Lone Wolf; Buffalo Hunt; 1930; bronze; 15 1/2 x 23 in. (39.4 x 58.4 cm); Collection of Phoenix Art Museum, gift of the Western Art Associates

Lone Wolf (Hart M. Schultz), Buffalo Hunt, 1930, bronze; on loan from the Collection of Phoenix Art Museum. Gift of the Western Art Associates.

Lone Wolf (aka Hart M. Schultz; 1883-1970) bridged the diverse cultures of the Old and New West through his compelling life and career as an artist. His experiences as the son of a Blackfeet Indian mother and the prolific western book writer James Willard Schultz allowed him to interpret the West through both Native and Anglo eyes.

As one of the first American Indian artists to paint in an academic style, Schultz combined his technical abilities and personal knowledge of his tribe to influence the ways in which Native life was depicted in his own artwork and other art of the time.

As Schultz’s career ascended, the art worlds in Chicago and New York came to appreciate the authenticity in his work. It was known that Schultz’s depictions of American Indian history, regalia and life reflected his intimate, first-hand knowledge of Native culture. The Evening Telegram in New York referenced the artist’s reliable accuracy in an article entitled, “A Real Indian Painter Paints Indian Life.”

Lone Wolf; Buffalo Hunt, 3/4, viewer right; 1930; bronze; 15 1/2 x 23 in. (39.4 x 58.4 cm); Collection of Phoenix Art Museum, gift of the Western Art Associates

Lone Wolf (Hart M. Schultz), Buffalo Hunt, 1930, bronze; on loan from the Collection of Phoenix Art Museum. Gift of the Western Art Associates.

On one occasion – while his artwork was on exhibit in a New York gallery known for displaying the works of renowned western painters – Schultz studied under an Italian sculptor who asked for his input on a 9-foot statue of an American Indian.

Schultz recalled in an interview, “he had it finished and he said, come take a look at it, he said what do you think about it? I said the figure is fine, but your regalia is wrong. I said that pipe that man’s got in his hand is a Chinese pipe. Indians didn’t have pipes like that… and I took my moccasins out and showed him those. He changed it, and he used the pipe that I gave him for a model, and the moccasins. So he got $30,000 for it, and he taught me free for helping him.”

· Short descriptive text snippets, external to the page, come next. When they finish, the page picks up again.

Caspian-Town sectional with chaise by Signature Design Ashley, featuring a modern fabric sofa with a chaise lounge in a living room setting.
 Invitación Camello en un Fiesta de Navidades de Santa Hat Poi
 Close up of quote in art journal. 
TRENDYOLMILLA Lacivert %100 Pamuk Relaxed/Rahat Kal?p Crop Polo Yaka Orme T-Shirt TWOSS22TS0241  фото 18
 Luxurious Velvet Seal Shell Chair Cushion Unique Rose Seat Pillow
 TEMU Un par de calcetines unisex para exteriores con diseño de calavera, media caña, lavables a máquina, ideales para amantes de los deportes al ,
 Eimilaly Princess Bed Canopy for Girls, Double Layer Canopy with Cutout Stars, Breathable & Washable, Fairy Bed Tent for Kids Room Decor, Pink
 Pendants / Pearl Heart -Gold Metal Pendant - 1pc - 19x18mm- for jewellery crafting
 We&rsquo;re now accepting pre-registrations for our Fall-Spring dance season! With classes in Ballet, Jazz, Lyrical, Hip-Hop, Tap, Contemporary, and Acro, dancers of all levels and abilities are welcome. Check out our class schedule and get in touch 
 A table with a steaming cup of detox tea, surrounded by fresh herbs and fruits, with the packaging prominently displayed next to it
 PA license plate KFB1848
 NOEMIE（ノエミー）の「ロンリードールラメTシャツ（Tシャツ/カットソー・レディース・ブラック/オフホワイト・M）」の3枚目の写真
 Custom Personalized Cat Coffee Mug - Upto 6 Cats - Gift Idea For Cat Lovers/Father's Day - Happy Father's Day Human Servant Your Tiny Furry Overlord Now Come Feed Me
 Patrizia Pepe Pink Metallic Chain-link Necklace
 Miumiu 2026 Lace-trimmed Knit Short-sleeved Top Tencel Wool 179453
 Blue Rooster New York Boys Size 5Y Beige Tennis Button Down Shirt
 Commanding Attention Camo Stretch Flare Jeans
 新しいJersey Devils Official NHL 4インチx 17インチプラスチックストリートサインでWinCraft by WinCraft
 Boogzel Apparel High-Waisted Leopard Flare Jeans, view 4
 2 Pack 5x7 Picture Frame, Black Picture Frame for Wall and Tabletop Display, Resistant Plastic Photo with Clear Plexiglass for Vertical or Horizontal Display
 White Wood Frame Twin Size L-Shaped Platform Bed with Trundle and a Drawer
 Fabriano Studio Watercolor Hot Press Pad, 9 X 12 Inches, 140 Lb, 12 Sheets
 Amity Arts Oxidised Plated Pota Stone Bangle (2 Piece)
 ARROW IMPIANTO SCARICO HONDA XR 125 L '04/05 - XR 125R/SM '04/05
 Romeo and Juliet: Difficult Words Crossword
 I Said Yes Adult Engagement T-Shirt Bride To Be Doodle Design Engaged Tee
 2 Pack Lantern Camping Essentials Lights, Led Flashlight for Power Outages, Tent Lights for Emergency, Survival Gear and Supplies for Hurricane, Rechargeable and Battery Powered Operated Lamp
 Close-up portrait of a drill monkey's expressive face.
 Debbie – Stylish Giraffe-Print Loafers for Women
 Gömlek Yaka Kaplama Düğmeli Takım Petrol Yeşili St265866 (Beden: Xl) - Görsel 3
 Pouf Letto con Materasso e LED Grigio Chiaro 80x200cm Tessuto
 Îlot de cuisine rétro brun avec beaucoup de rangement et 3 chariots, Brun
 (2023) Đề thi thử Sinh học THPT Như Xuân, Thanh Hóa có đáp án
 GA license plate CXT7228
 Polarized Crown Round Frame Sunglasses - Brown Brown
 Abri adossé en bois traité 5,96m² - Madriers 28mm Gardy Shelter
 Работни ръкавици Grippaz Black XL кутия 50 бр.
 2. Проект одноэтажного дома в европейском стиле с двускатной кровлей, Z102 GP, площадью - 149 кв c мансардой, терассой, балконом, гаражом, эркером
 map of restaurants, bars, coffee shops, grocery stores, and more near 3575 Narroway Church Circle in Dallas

Schultz’s unique perspective is also seen in his bronze Buffalo Hunt, where he portrays an American Indian hunter armed with arrows and approaching the right side of the game. Schultz explained during an interview at his studio in New York: “When the Indians were running buffalo with the bow and arrow they always rode on the right-hand side of the game. The arrow was aimed behind the shoulder or between the ribs and the hipbone where there are no bones, thus giving the arrow the chance to penetrate the lungs. A small bow was always used in hunting. The quiver containing the arrows was slung on the left-hand side, the knife worn on the right.”

This artwork and many others can be seen in the museum’s exhibition, Lone Wolf (Hart M. Schultz): Cowboy, Actor & Artist (on display June 21, 2016 – Aug. 31, 2016).